Mi sono ritrovato a chiedermi se, in fin dei conti, usare il nome completo della Chiesa fosse davvero tanto importante. L’etichetta “mormone”, dopotutto, è piuttosto positiva nella mente di molte persone — essere un “mormone” era stato spesso un vantaggio per me. Rileggendo, però, il discorso del presidente Nelson, mi ha colpito il fatto che è davvero importante, anche se causa di un po’ d’imbarazzo nella conversazione.
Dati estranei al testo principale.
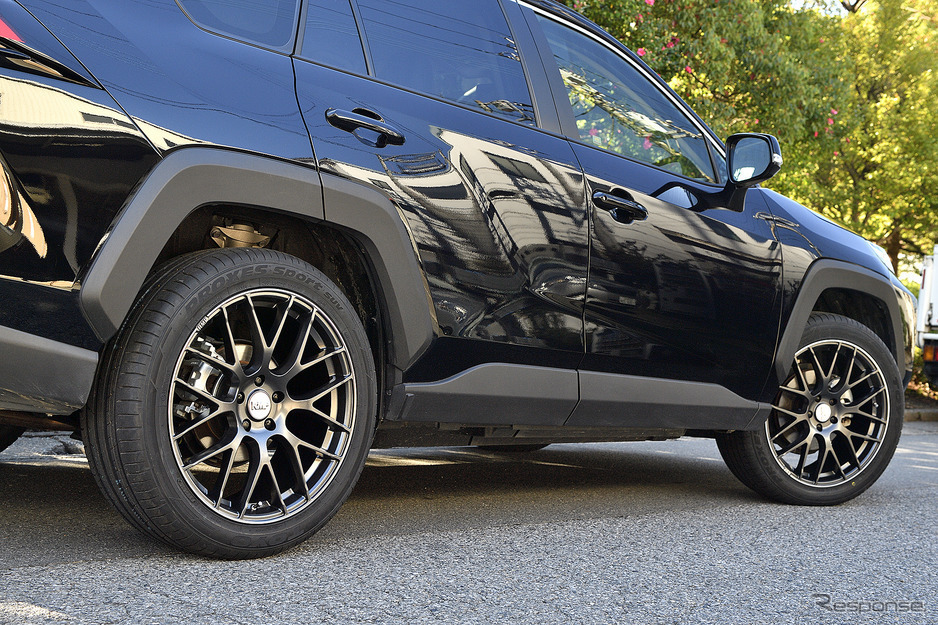 写真の詳細:RMP 028F 装着サイズ:20X8 1/2J +45 5H-114.3 カラー:セミグロスガンメタ/リムエッジDC 装着タイヤサイズ:255/45R20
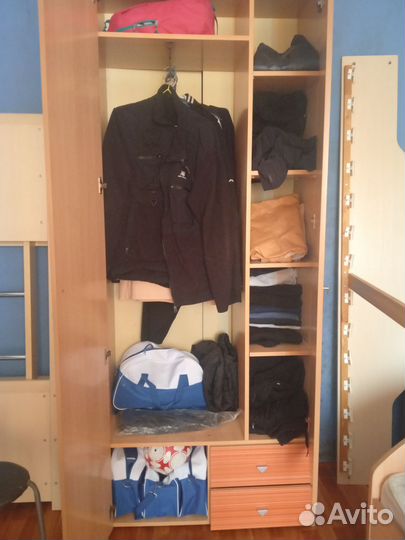 Стол письменный,шкаф и две кровати с матрасами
Quindi ho rinnovato il mio impegno.

L’opportunità di rendere testimonianza di Cristo

La volta successiva in cui ho dovuto usare il nome completo della Chiesa stavo facendo visita a un amico in una chiesa di un’altra fede. Qualcuno mi si è avvicinato e con un sorriso luminoso mi ha chiesto se ero “mormone”. “Sono membro della Chiesa di Gesù Cristo dei Santi degli Ultimi Giorni, sì”, ho detto. Si è messo a farmi diverse domande, iniziando ogni domanda con: “La Chiesa mormone crede…?”. E, ogni volta, iniziavo la mia risposta con la frase: “Nella chiesa restaurata di Cristo, crediamo…”.
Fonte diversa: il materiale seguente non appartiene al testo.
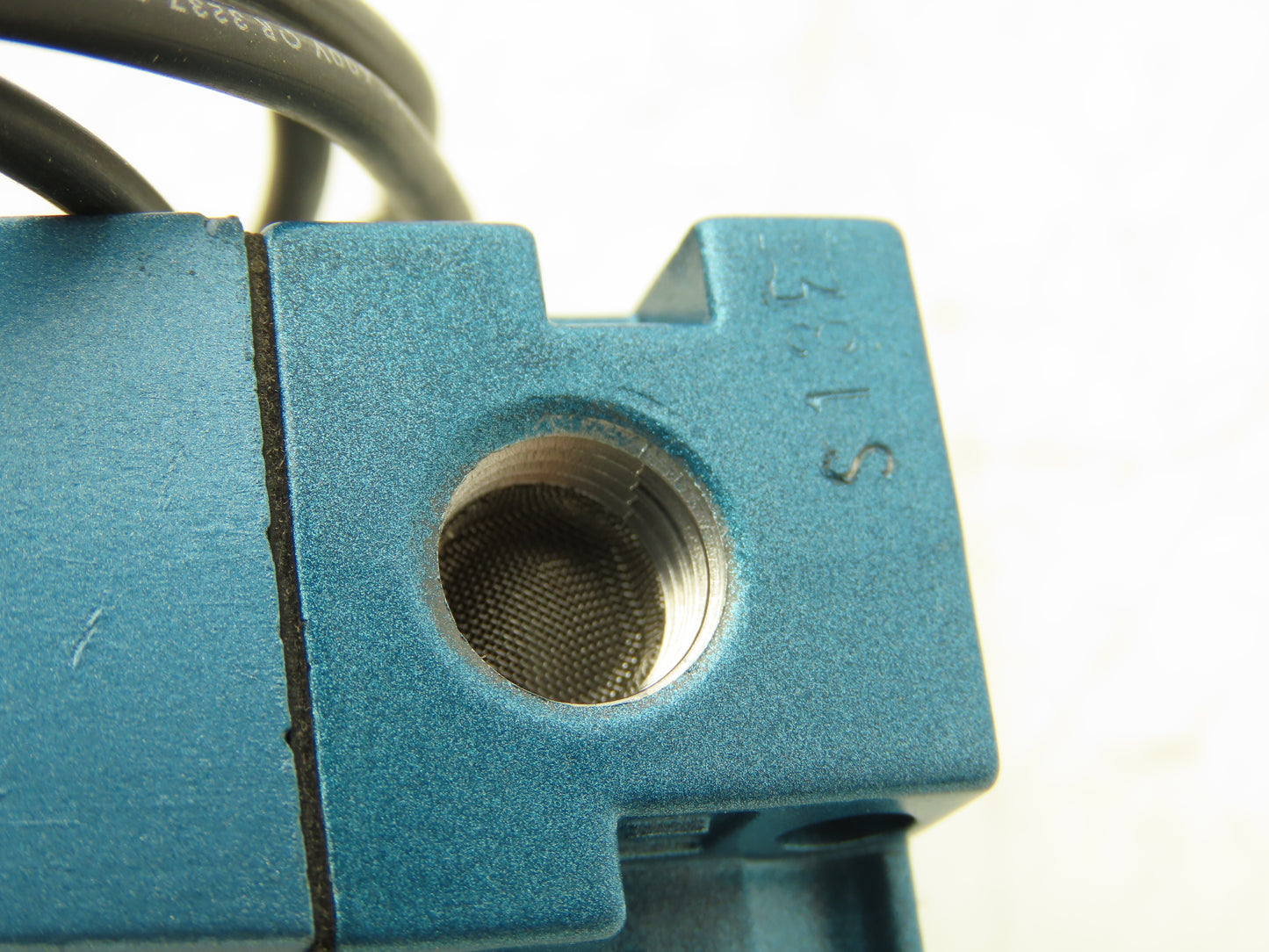 MAC 111B-110CCAA Pneumatic Air Solenoid Valve 120V 150 PSI 5/8" NPT 3 Way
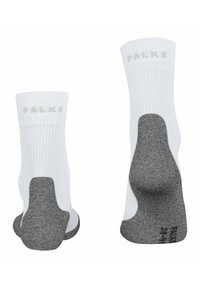 Calcetines blancos de canalé con secciones gris en el talón y la punta. "FALKE" en letras verde claro en la parte superior. Mezcla de algodón, diseño duradero.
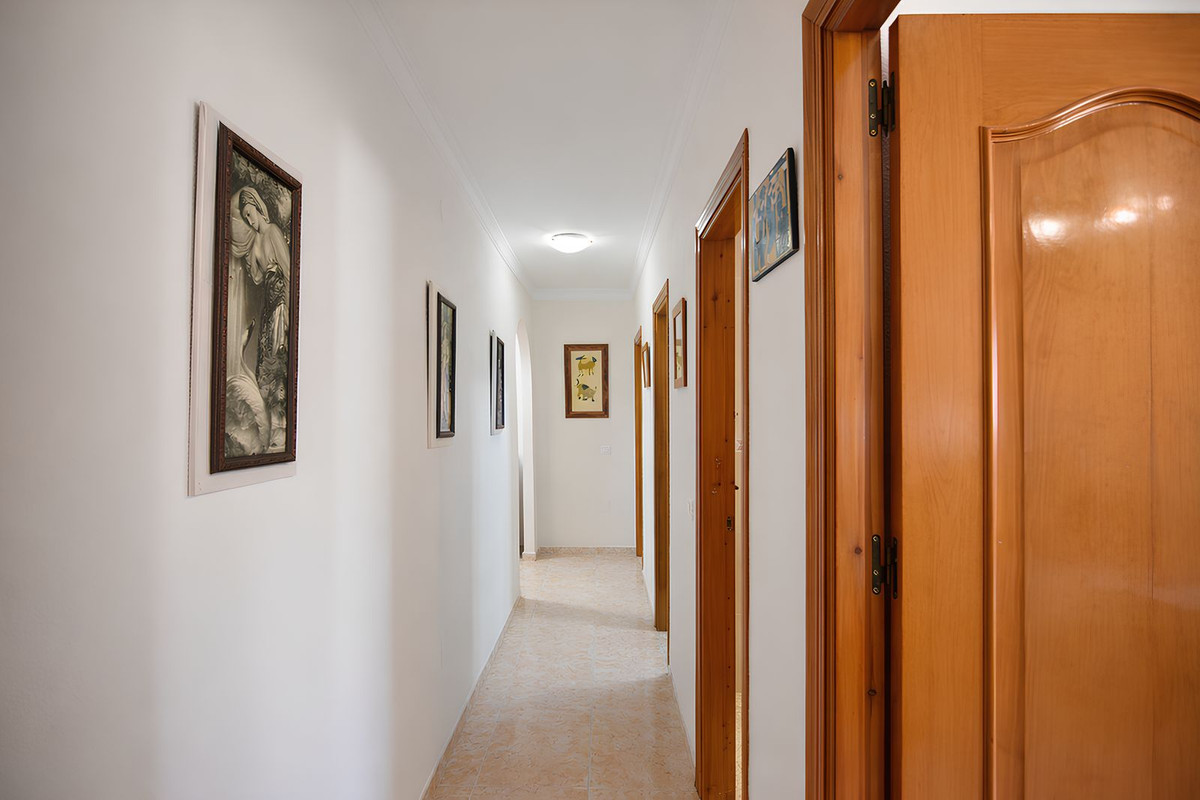 3 Bed Apartment for sale in Las Lagunas Costa Del Sol, Málaga, Spain
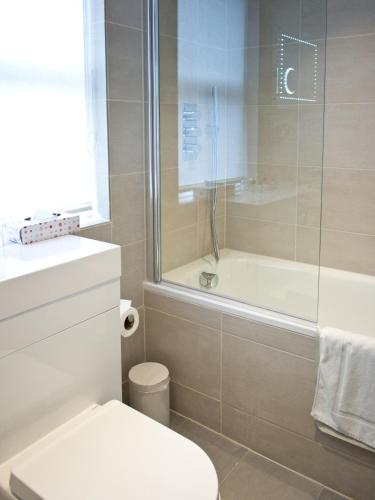 Habitación Individual Superior del hotel London Lodge. Foto 12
Lo scambio di battute è andato avanti così per quattro o cinque volte. Quando ha notato che non accettavo il titolo “mormone”, mi ha chiesto a bruciapelo: “Lei non è mormone?”.

Così gli ho chiesto se sapeva chi fosse Mormon — non lo sapeva. Gli ho detto che Mormon era un profeta, uno storico, un generale dell’esercito e una figura politica delle antiche Americhe. Sono onorato di essere associato a un uomo tanto dedito al servizio di Dio e degli altri.

“Ma”, ho continuato, “Mormon non è morto per i miei peccati. Mormon non ha versato il suo sangue per me e non ha sofferto nel Getsemani né è morto sulla croce. Mormon non è il mio dio. Gesù Cristo è il mio Dio e il mio Salvatore. È il mio Redentore. Ed è con il Suo nome che voglio essere conosciuto all’ultimo giorno, è con il Suo nome che spero di essere conosciuto oggi”.

Ho sentito la rassicurazione dello Spirito che mi sosteneva in quella piccola testimonianza alla persona che avevo appena conosciuto. Dopo qualche secondo di silenzio, ha detto: “Quindi, Lei è cristiano?”.

“Sì, sono cristiano”, ho risposto, “e sono membro della Chiesa restaurata di Cristo”.

Cercare di seguire le istruzioni del profeta sembrava facile, ma si è rivelato più impegnativo di quanto mi aspettassi. Non sono ancora perfetto nel fare tutto quello che mi viene richiesto. In ogni caso, però, ora mi assicuro di usare il nome completo della Chiesa.

Sono grato dello Spirito che sento quando porto testimonianza agli altri del mio Salvatore e della mia appartenenza alla Sua Chiesa. E ora ho un ottimo modo di rendere una testimonianza naturale di Lui e della Sua Chiesa restaurata ogni volta che mi viene chiesto se sono “mormone”.